I still want to make art.  I will continue making art.  I want to take time off to think about what kind of art I want to make.  I haven't given that concept as much thought as I should have.

So for the rest of this year, and probably a few months into next year, I will be revisiting art basics–anatomy, perspective, gesture drawing, life drawing–and thinking about what I like to draw, what I want to draw, and what I want to accomplish in life.

I hope my art was inspiring to you in some way.  I will be back.
 

Monday, October 31, 2016

Arrangement of Pumpkins

Happy Halloween!  For this painting I gathered my favorite reference images of pumpkins and squash from both my own image library and the web, and compiled them into a single picture.

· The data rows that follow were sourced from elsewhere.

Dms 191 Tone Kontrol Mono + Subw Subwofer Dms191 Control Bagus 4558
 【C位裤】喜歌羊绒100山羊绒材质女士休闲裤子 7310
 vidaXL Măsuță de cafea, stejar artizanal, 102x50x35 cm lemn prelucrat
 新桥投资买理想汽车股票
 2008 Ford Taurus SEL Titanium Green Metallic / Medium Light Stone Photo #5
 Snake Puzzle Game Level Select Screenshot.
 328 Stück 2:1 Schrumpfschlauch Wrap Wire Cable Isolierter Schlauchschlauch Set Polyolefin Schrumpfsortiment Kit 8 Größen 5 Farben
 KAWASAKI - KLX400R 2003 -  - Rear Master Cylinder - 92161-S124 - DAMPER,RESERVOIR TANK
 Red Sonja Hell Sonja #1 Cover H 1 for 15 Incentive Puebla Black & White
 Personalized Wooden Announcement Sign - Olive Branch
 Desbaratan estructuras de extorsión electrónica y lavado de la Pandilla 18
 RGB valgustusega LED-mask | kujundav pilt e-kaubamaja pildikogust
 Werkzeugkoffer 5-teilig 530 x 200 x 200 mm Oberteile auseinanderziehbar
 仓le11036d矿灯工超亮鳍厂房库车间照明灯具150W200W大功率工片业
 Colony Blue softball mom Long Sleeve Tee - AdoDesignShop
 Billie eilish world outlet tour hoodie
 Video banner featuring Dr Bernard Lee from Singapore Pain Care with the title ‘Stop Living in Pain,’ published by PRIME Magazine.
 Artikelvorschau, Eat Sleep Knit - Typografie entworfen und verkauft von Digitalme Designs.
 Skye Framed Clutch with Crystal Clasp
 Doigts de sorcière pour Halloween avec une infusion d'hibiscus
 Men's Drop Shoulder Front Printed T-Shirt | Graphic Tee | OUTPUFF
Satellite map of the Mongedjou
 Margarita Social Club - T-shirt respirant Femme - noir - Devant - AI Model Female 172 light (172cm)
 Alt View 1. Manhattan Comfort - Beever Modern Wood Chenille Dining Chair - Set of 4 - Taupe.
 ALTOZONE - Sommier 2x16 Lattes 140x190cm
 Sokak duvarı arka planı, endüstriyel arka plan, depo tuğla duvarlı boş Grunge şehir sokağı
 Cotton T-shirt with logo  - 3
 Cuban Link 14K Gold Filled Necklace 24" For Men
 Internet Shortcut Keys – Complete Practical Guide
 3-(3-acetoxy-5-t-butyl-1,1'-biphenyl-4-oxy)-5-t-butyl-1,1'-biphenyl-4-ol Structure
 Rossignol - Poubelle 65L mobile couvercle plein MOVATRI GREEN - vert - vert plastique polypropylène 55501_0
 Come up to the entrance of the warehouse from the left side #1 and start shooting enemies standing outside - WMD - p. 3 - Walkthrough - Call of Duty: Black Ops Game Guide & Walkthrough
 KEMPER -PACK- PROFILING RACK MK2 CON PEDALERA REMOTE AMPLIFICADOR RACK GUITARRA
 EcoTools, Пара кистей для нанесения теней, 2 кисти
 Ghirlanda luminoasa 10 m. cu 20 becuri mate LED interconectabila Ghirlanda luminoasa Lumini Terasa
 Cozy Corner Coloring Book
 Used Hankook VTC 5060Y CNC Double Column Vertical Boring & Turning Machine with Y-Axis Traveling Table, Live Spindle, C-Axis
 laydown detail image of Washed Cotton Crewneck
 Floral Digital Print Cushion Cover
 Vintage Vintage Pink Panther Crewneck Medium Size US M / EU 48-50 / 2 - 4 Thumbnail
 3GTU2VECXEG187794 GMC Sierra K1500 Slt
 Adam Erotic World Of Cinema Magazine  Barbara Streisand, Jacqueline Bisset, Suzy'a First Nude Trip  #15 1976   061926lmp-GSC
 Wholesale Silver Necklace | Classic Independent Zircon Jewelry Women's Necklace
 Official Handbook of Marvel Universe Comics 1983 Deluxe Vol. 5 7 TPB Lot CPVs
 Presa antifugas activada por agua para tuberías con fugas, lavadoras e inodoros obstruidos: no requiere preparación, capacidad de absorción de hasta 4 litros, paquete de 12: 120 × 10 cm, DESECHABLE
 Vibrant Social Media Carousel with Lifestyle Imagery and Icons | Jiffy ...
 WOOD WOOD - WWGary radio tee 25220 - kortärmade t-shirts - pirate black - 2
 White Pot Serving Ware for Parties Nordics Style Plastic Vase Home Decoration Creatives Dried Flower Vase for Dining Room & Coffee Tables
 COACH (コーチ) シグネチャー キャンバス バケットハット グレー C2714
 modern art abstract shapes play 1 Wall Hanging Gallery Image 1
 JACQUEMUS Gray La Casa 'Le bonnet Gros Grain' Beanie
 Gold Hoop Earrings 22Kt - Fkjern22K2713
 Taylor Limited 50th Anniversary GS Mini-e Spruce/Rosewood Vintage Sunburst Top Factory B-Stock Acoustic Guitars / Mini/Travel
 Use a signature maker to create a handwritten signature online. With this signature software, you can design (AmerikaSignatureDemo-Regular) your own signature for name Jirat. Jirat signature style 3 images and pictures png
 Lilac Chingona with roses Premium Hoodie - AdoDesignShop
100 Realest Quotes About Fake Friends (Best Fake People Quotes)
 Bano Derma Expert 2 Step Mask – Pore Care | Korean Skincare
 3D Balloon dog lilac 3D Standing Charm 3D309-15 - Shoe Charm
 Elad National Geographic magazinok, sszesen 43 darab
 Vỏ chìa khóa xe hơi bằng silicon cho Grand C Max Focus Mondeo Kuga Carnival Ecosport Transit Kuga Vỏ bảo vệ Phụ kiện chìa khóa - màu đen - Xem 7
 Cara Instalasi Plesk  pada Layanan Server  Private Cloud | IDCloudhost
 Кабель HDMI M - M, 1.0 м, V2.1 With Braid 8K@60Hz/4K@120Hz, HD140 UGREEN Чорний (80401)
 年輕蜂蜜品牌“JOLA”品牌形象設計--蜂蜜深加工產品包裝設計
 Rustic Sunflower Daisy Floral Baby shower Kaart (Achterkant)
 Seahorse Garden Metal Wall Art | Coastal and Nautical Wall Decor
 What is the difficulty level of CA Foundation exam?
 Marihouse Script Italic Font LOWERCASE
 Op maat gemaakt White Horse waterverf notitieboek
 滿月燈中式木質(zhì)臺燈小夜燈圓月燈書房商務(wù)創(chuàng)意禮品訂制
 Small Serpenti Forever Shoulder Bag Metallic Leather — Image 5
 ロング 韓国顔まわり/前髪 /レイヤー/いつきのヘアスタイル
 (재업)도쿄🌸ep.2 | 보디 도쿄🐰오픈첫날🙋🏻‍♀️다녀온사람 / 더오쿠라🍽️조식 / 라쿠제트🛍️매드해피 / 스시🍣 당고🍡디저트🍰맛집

The painting started with a watercolor wash over the paper, so that the bright white wouldn't make it harder to mix the proper colors.  It turned out I had difficulty mixing colors anyway.  As the gif below shows, I went over several of the squashes and pumpkins more than once when their colors did not come out like I wanted.
I'm pleased with how it turned out, but mixing gouache colors is still a challenge for me.  It's definitely an area I will look into improving.

Monday, October 17, 2016

Foraging Roosters

This is a scene constructed from photos I took of free-ranging roosters and chickens in a rural area.  The medium is gouache.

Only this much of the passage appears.